Insurers that are trying to comply with new federal systemic risk oversight rules may have to ask the Federal Reserve Board whether they are "predominantly engaged in financial activities."
The Federal Reserve Board has included the "please ask" provision in a draft of definitions for the terms "predominantly engaged in financial activities" and "significant" nonbank financial company published today in the Federal Register.
The Fed wants to put the definitions in a section of Federal Reserve Regulation Y that lists the activities that the Fed has determined by statute, regulation or order to be "financial in nature" under Section 4(k) of the Bank Holding Company (BHC) Act of 1956.
The Fed is creating the definitions because of the provisions in the Dodd-Frank Wall Street Reform and Consumer Protection Act of 2010 that created a new Financial Stability Oversight Council (FSOC).
The FSOC is an arm of the Treasury Department that is supposed to help the government identify events and trends that could hurt the U.S. financial system.
Section 113 of the Dodd-Frank Act gives the FSOC the authority to call for extra federal oversight to be imposed on nonbank financial companies that appear to pose a threat to U.S. financial stability.
Section 102(a)(6) of the Dodd-Frank Act defines "financial activities" as "those activities that have been determined – by statute, regulation, order – to be financial in nature under Section 4(k) of the Bank Holding Company Act, as amended by the Gramm-Leach-Bliley Financial Services Modernization Act of 1999, officials say in a preamble to the proposed rule.

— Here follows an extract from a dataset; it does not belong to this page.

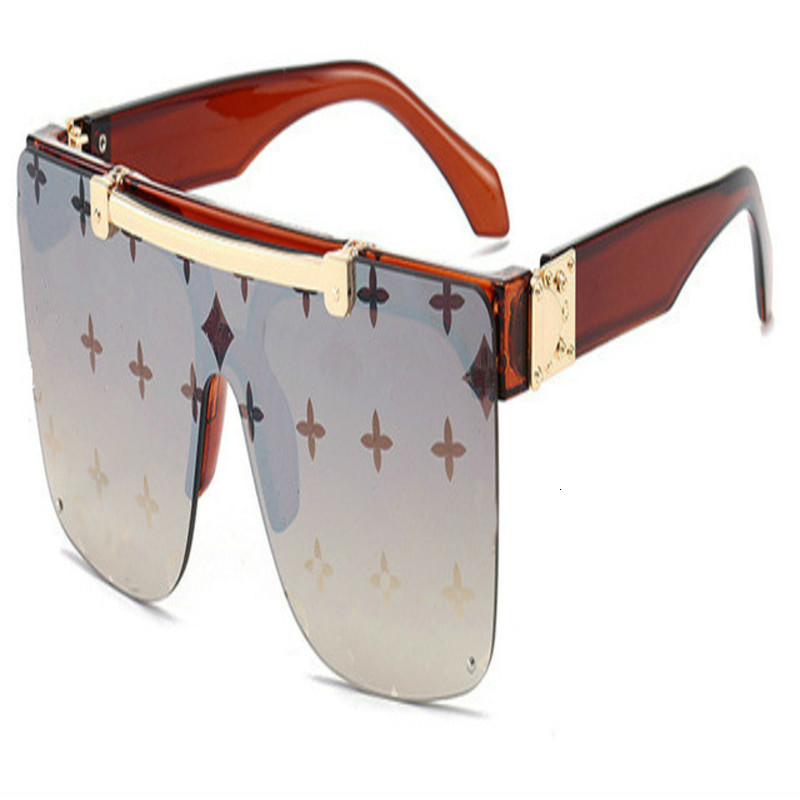 Sunglasses Fashion Luxury Women Brand Designer Unisex Flip Up Square Steampun Men Male Shades Cool Couple Models-image-703865852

Because the Fed helps apply the Bank Holding Company Act and is in charge of updating Regulation Y, it is revising Regulation Y to reflect Dodd-Frank Act changes and the needs of the FSOC.
For purposes of systemic risk oversight provisions, the Dodd-Frank Act says a company is considered to be "predominantly engaged" in financial activities if 85% of the annual gross revenues or 85% of the company's assets are derived from financial activities.
Because Section 102(a)(6) of the Dodd-Frank Act refers only to activities that have been determined to be financial in nature under Section 4(k), "activities that have been (or are) determined to be 'incidental' to financial activities … or to be 'complementary' to financial activities under section 4(k) are not considered financial activities for purposes of determining whether a company is predominantly engaged in financial activities under section 102(a)(6) of the Dodd-Frank Act," officials say.
The Fed refers in Regulation Y to some activities that are financial in nature as a result of the Gramm-Leach-Bliley Act rather than the Bank Holding Company Act.
"Acting as a principal or agent in the sale of insurance or annuities" is financial in nature under Gramm-Leach-Bliley, officials say.
The Dodd-Frank Act puts no new limits on what the Fed can define as an activity that is financial in nature under Section 4(k) of the Bank Holding Company Act, officials say.
Section 4(k) of the Bank Holding Company Act lets the Fed work with the Treasury secretary to "determine in the future that additional activities are 'financial in nature,"" Fed officials say.
The proposed rule "expressly recognizes that additional activities, beyond those already determined to be financial in nature" and listed in Regulation Y may be found to be financial in nature under Section 4(k), officials say.
"The proposed rule provides that a company may request a determination by the Board as to whether a particular activity is financial in nature for purpose of section 4(k) of the BHC Act," officials say. "This procedure is substantially similar to the procedure outlined in Section 225.88 of Regulation Y under which a financial holding company or other interested entity may request a determination from the Board that an activity is financial in nature or incidental to a financial activity."
Large or interconnected nonbank companies could be deemed systemically important under Section 113 of the Dodd-Frank Act might use the determination procedure to find out whether some of their activities are financial in nature, officials say.
Comments on the proposed rule are due March 30.